# Things on AxMen that didn't really happen



## Grace Tree (Dec 21, 2010)

I'd like to see Melvin Lardy and Old man Rygard get married. Melvin, who used to be Melvina before she got the change married old man Rygard. Melvina wore white. Old man Rygard wore a T-Shirt. Browning was the best man but he kept dropping the ring because of his claw and old man Rygard started yelling at him. Melvina, seeing old man Rygard's darker side called off the wedding on the spot but it turns out she was pregnant and gave birth to a son who turn out to be the biggest butt fungus on the face of the earth and they named him Gabe. My wife, who loves to watch soaps, thinks it's a perfectly believable story line.
Phil


----------



## D&B Mack (Dec 21, 2010)

S&S Logging earned enough money actually logging to get a new truck and a new boat.


----------



## ryan_marine (Dec 26, 2010)

D&B Mack said:


> S&S Logging earned enough money actually logging to get a new truck and a new boat.

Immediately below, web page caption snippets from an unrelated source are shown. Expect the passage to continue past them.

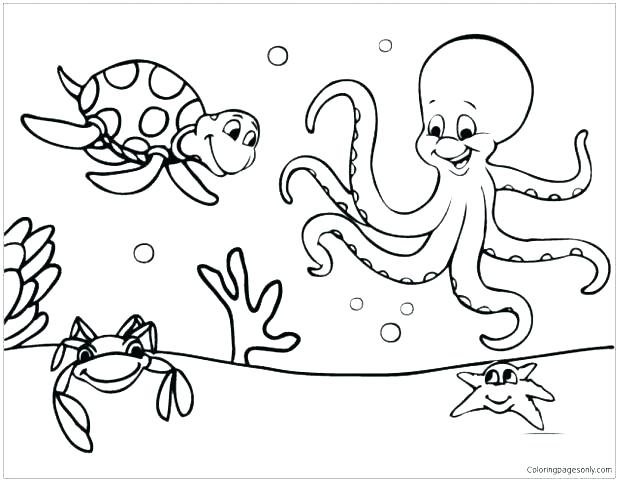 618x481 Huge Gift Marine Life Coloring Pages Sea
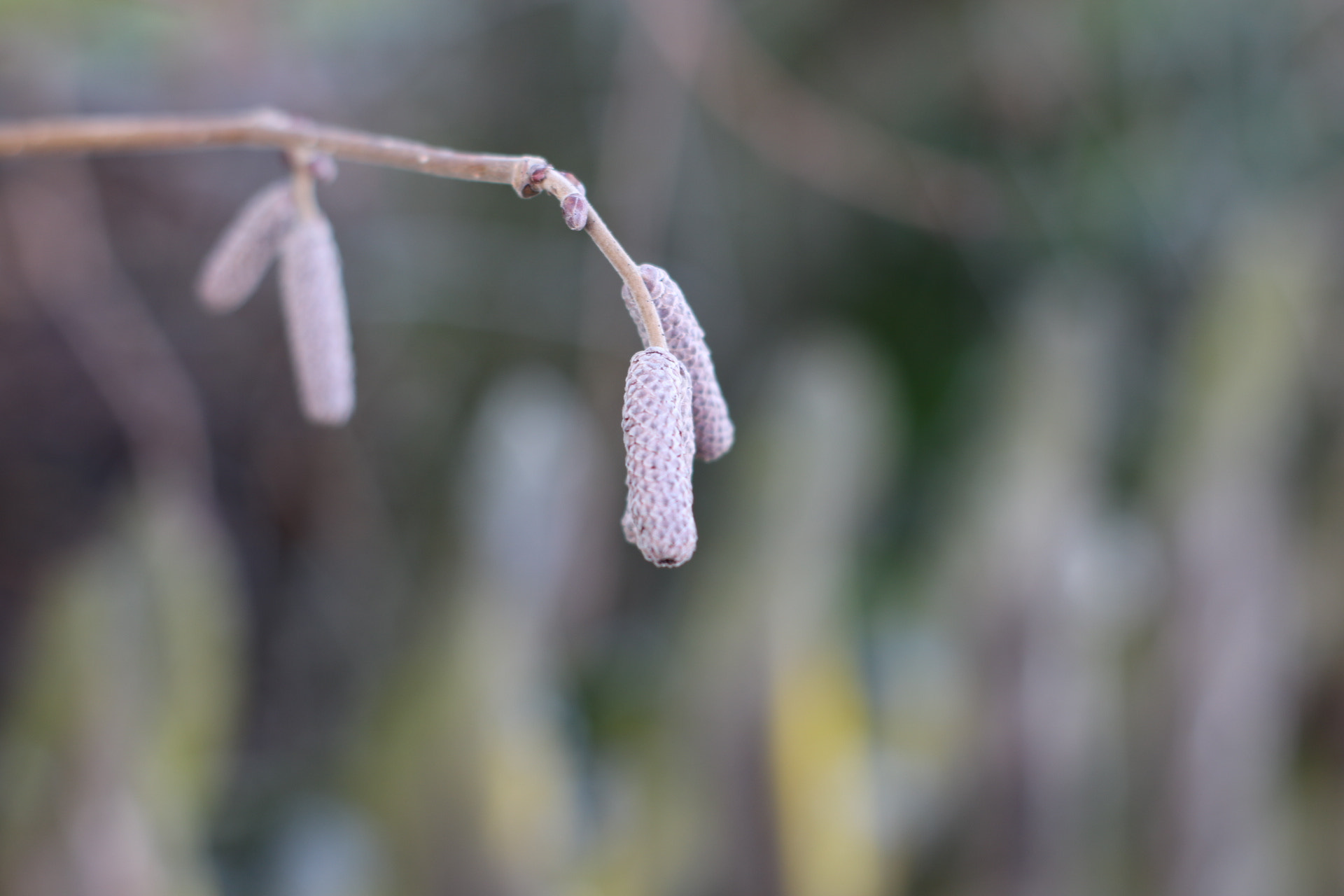 Canon 50mm sample photo. Birchplant photography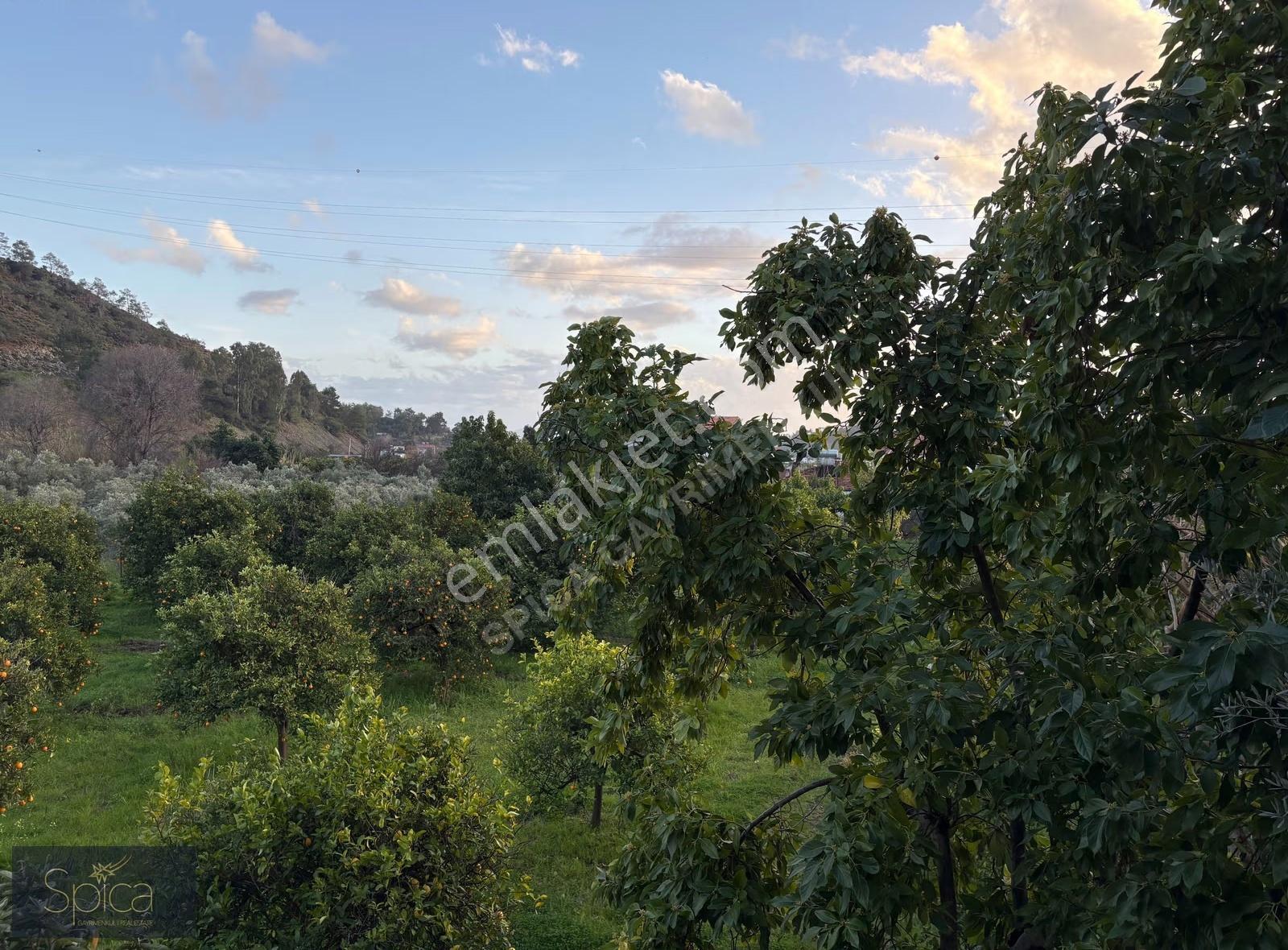Fethiye Yanıklar'da Doğa İçinde Havuzlu, Kiralık Müstakil Ev - Görsel 32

No he got a bail out from the gov. Just like every failed bank.

Ray


----------



## oldiron (Dec 30, 2010)

D&B Mack said:


> S&S Logging earned enough money actually logging to get a new truck and a new boat.


 
Bud sadly not enough money to get safety chains for the trailer


----------



## Veteran (Jan 16, 2011)

oldiron said:


> Bud sadly not enough money to get safety chains for the trailer


 
Maybe also a 2 5/16 trailer ball .


----------



## a. palmer jr. (Jan 18, 2011)

D&B Mack said:


> S&S Logging earned enough money actually logging to get a new truck and a new boat.


 
I figured the tv people paid for them..


----------



## Metals406 (Jan 18, 2011)

a. palmer jr. said:


> I figured the tv people paid for them..


 
:agree2:


----------



## D&B Mack (Jan 19, 2011)

a. palmer jr. said:


> I figured the tv people paid for them..


 
That was my point, "Things on AxMen that didn't really happen" The two dip ####s didn't actually make enough money logging to buy a truck and boat, the show got them there.:smile-big:


----------



## JonathonJEB (Jan 22, 2011)

*.*



D&B Mack said:


> That was my point, "Things on AxMen that didn't really happen" The two dip ####s didn't actually make enough money logging to buy a truck and boat, the show got them there.:smile-big:


 
Im sure thats what happend but im glad they did. If the show is rigged those two are definatley not acting.


----------



## RVALUE (Jan 22, 2011)

D&B Mack said:


> That was my point, "Things on AxMen that didn't really happen" The two dip ####s didn't actually make enough money logging to buy a truck and boat, the show got them there.:smile-big:


 
What show on TV is this NOT the case? At least - eventually.


----------



## RVALUE (Jan 22, 2011)

PS how many shows have cameras positioned on the ball and under the trailer?


----------



## slowp (Jan 23, 2011)

I thought I heard the whistle blow a stop before the Alaskians continued pulling and broke the rigging...another case of bad editing? Or stop and fix it so it will break and provide excitement for the reality show?


----------



## banshee67 (Jan 23, 2011)

hey guys, im starting to think a lot of this show might be staged for the cameras, what do you think?
:watermelon:


----------